__Records from a data source__:
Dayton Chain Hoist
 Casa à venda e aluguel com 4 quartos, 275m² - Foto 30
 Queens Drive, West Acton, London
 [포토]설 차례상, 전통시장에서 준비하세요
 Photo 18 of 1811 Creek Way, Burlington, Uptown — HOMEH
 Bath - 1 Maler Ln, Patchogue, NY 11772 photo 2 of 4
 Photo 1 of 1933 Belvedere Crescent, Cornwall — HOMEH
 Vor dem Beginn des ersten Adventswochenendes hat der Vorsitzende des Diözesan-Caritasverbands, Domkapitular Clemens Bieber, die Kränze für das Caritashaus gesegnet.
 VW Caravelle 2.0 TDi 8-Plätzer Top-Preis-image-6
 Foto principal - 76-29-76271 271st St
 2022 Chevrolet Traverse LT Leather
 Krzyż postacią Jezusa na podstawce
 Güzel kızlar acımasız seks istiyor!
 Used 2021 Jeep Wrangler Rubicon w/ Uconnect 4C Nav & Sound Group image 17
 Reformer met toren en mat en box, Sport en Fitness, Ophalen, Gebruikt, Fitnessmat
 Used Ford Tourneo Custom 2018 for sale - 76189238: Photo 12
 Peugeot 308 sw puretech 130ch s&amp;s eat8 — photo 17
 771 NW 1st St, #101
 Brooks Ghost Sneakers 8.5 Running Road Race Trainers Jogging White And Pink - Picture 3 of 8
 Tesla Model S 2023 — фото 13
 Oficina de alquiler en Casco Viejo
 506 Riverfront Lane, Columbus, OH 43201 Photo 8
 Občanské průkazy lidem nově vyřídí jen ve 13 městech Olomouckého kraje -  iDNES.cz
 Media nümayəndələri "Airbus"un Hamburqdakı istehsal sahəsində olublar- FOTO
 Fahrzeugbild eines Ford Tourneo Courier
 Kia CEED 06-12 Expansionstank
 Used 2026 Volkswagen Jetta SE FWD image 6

__Prompt__:
Begin with the first line of the records and finish with the line containing "Photo 1 of 1933". Reproduce those lines exactly, both ends included, and nothing else.

__Response to the task__:
Dayton Chain Hoist
 Casa à venda e aluguel com 4 quartos, 275m² - Foto 30
 Queens Drive, West Acton, London
 [포토]설 차례상, 전통시장에서 준비하세요
 Photo 18 of 1811 Creek Way, Burlington, Uptown — HOMEH
 Bath - 1 Maler Ln, Patchogue, NY 11772 photo 2 of 4
 Photo 1 of 1933 Belvedere Crescent, Cornwall — HOMEH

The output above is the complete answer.